Gewinner und Verlierer der Woche

Von den gelisteten Emittenten konnten sich 29 über einen Kursgewinn freuen. Allen voran der Metallverarbeiter COS Târgoviște (COS, 0,88 Lei, ISIN ROCOSUACNOR5), der nach einer sehr guten Woche gleich noch einmal 50 Prozent auf Wochensicht zulegte. Das hochverschuldete Unternehmen soll durch einen Eilerlass die Schulden mit dem Transfer von Aktiva an das Wirtschaftsministerium abbezahlen; dadurch sollen 1200 Arbeitsplätze gerettet werden. Die Aktion ließ die Aktie binnen eines Jahres von 0,013 Lei auf jetzt 0,88 Lei steigen, sie liegt nur 3 Prozent vom 52-Wochen-Hoch von 0,91 Lei entfernt.
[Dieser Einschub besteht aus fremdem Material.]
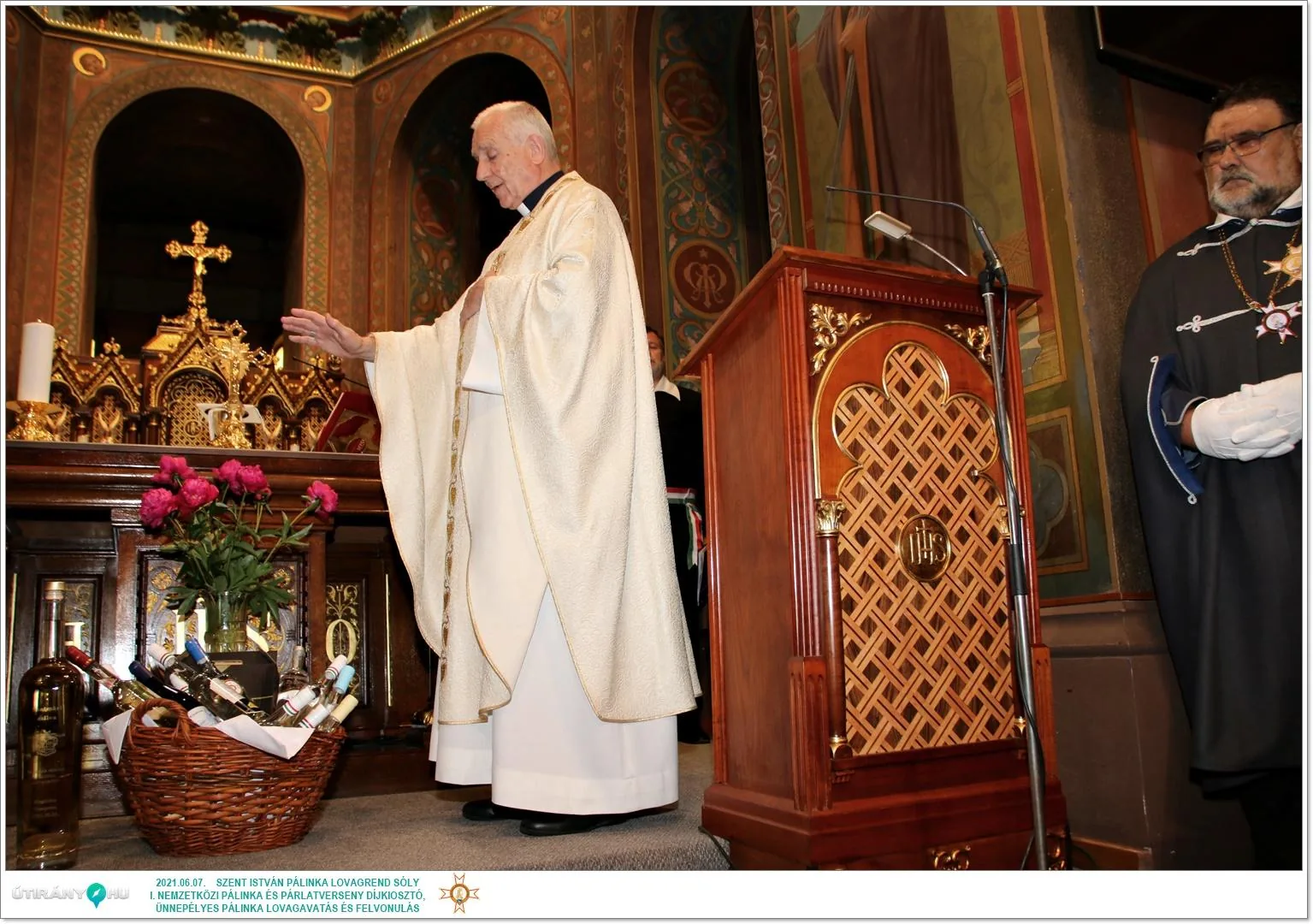 Díjkiosztó, szentelés, avatás, felvonulás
Zweitgrößter Gewinner der Woche war der Wohnungsbauer Impact Developer & Contractor (IMP, 1,88 Lei, ISIN ROIMPCACNOR0), dessen Aktien auf Wochensicht 26 Prozent zulegten. Das Unternehmen wird demnächst eine Anleihen-Emission im Gesamtwert von umgerechnet sechs Millionen Euro auf den Markt bringen. Die Anleihen werden eine Laufzeit von sechs Jahren haben und einen Zinssatz von 5,9 bis 6,4 Prozent tragen, die Zinsen werden quartalsweise ausbezahlt werden. Der Schritt wurde bereits im April dieses Jahres von den Aktionären bewilligt, nun hat der Aufsichtsrat des Unternehmens die Emission freigegeben.
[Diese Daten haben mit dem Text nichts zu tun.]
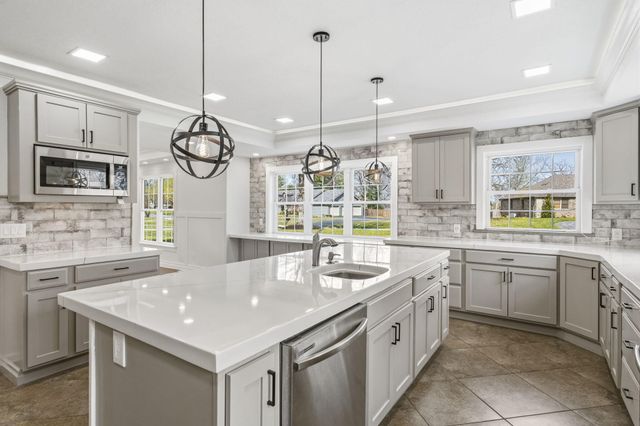 6308 S Glenridge Drive, Springfield, MO 65804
31 Emittenten mussten Kursverluste hinnehmen, die höchsten verzeichneten der Maschinenbauer Altur (ALT, 0,0265 Lei, ISIN ROALTCACNOR1) – minus 10,17 Prozent – und der Armaturenhersteller Armătura (ARM, 0,11 Lei, ISIN ROARMAACNOR7) – minus 12 Prozent. Der Erdgasversorger Transgaz (TGN, 286 Lei, ISIN ROTGNTACNOR8) verlor 1,38 Prozent an Wert, nachdem das Wettbewerbsamt eine Strafe in Höhe von 34,2 Millionen Lei wegen getürkter Ausschreibungen im Jahr 2011 verhängt hatte.

Devisen

Am Devisenmarkt wurden wieder unterschiedliche Entwicklungen registriert, ein Trend war nicht zu erkennen. Während sich die europäische Gemeinschaftswährung, der Euro, leicht verbilligte (minus 0,066 Prozent), verteuerte sich der US-Dollar wieder deutlicher, und zwar um 0,33 Prozent. Dennoch bleibt der Euro weiterhin stark bei 4,8693 Lei (Stand: gestriger Montag). Der US-Dollar legte hingegen 0,013 Lei zu und stand zu Beginn dieser Handelswoche bei 4,0156 Lei.